Within the entries below, the lines from the one with "Hot Tub and" through the one with "Used 2017 Volvo" are to be set down exactly, both ends kept.

[Given records Boundary: Start]

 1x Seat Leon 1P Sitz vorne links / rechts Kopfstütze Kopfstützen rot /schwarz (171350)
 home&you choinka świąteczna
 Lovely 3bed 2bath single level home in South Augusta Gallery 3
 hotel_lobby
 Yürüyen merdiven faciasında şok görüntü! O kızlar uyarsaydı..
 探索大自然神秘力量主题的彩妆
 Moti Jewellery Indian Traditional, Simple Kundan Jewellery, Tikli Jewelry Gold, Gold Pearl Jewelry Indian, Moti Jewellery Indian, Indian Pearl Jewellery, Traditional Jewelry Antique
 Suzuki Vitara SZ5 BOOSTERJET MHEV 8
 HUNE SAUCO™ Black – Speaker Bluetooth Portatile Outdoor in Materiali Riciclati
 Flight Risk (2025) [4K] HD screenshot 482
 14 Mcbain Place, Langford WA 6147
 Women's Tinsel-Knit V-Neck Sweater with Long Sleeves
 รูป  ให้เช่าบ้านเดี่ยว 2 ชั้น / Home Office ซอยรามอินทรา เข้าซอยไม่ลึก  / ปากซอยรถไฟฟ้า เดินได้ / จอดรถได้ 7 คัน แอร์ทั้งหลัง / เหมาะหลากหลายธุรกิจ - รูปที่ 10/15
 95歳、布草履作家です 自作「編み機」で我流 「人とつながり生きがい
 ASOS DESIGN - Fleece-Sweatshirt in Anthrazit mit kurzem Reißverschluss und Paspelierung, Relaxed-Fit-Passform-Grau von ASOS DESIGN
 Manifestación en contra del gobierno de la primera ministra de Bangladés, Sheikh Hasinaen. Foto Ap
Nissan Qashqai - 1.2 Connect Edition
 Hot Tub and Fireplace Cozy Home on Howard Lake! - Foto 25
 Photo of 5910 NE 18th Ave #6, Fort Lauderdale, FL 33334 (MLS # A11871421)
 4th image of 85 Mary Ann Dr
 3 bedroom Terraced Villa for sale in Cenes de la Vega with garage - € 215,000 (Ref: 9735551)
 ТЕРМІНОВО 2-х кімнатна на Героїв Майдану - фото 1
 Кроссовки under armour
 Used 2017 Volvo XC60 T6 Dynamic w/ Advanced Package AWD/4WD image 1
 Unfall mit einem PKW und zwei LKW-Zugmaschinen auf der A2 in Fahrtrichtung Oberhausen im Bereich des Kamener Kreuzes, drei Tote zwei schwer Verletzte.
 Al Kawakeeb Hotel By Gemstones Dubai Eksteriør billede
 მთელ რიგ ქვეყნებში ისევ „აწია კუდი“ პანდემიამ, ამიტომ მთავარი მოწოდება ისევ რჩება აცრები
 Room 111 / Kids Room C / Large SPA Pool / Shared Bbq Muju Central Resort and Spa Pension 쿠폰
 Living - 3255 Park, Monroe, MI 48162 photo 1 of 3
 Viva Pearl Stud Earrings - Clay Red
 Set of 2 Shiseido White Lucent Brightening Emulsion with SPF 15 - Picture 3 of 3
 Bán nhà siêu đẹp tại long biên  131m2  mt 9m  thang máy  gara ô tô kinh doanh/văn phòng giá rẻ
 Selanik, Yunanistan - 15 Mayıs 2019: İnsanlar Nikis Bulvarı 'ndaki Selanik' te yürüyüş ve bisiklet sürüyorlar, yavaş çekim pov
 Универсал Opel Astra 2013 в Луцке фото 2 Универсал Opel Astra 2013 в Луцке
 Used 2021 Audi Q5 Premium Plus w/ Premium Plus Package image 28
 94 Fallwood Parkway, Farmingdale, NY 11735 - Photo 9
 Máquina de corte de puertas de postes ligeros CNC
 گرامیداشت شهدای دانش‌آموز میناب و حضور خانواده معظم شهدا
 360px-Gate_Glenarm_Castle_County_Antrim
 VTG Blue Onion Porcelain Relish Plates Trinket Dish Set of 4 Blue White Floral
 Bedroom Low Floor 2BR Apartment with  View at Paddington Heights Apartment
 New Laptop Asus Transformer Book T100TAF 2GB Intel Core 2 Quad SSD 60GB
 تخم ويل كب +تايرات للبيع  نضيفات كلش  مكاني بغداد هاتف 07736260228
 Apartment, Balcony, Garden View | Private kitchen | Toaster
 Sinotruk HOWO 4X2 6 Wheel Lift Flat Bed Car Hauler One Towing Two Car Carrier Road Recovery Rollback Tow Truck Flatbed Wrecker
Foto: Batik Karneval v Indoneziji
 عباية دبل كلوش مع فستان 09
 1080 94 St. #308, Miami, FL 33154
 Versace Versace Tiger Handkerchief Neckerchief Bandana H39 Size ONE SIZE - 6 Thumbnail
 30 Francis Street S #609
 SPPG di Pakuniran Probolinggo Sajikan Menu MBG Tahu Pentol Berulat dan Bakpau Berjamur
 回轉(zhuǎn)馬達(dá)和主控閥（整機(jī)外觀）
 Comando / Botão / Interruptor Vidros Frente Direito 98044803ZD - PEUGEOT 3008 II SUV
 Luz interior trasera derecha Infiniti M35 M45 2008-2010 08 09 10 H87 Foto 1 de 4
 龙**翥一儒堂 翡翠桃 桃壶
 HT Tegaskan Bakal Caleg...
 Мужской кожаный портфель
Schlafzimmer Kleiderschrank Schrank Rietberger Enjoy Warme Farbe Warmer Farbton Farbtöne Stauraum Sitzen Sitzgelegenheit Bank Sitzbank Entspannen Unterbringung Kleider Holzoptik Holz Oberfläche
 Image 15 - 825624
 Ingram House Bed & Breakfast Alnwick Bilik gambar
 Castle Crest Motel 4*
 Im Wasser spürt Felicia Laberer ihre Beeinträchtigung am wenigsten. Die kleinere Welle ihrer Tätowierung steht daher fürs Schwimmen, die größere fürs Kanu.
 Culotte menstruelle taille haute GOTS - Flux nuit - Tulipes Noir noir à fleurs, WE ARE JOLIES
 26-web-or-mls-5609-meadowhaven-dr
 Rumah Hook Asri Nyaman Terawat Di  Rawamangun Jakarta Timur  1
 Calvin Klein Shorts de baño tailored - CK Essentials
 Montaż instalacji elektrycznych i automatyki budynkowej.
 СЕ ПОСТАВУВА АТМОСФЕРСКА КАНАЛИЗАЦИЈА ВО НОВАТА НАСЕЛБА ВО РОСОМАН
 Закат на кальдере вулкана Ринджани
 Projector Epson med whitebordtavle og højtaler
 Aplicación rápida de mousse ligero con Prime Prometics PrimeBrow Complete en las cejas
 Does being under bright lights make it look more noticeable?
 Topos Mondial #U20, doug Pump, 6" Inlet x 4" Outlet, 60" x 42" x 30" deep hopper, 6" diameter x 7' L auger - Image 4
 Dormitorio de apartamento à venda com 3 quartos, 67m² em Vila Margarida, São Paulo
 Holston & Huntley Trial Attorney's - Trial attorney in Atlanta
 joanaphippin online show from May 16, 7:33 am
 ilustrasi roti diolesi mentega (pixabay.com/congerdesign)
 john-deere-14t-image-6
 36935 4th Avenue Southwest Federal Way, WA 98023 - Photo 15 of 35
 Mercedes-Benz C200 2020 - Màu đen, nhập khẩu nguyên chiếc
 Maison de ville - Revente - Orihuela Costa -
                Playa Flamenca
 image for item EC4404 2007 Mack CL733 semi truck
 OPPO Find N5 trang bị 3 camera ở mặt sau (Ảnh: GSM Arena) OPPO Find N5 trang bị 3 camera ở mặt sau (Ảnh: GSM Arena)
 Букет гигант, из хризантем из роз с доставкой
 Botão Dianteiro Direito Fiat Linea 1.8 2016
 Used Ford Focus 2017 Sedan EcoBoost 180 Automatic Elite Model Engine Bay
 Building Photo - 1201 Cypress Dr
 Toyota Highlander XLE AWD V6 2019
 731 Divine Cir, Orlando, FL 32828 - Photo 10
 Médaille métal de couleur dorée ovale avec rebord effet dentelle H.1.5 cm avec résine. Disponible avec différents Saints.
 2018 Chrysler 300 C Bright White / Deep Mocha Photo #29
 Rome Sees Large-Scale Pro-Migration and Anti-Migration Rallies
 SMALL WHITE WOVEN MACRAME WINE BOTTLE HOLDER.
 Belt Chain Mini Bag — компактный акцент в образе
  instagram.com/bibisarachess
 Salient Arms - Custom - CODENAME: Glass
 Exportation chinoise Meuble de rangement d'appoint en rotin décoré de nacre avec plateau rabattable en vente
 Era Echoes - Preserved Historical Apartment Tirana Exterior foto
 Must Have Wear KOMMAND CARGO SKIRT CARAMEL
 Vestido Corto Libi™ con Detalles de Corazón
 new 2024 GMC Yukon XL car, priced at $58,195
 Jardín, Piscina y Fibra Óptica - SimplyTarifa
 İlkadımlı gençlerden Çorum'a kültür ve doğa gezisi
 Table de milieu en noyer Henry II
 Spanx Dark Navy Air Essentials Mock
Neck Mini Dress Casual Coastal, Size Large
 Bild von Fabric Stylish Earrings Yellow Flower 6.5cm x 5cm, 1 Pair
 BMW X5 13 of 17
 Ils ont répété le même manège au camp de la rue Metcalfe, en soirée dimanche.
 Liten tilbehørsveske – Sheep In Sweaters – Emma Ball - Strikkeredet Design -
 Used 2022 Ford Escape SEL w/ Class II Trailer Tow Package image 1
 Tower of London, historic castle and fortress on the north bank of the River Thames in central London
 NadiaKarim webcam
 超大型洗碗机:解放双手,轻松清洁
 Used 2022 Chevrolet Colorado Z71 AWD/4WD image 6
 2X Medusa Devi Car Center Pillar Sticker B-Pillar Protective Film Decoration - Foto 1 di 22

[Given records Boundary: End]

Answer below |
 Hot Tub and Fireplace Cozy Home on Howard Lake! - Foto 25
 Photo of 5910 NE 18th Ave #6, Fort Lauderdale, FL 33334 (MLS # A11871421)
 4th image of 85 Mary Ann Dr
 3 bedroom Terraced Villa for sale in Cenes de la Vega with garage - € 215,000 (Ref: 9735551)
 ТЕРМІНОВО 2-х кімнатна на Героїв Майдану - фото 1
 Кроссовки under armour
 Used 2017 Volvo XC60 T6 Dynamic w/ Advanced Package AWD/4WD image 1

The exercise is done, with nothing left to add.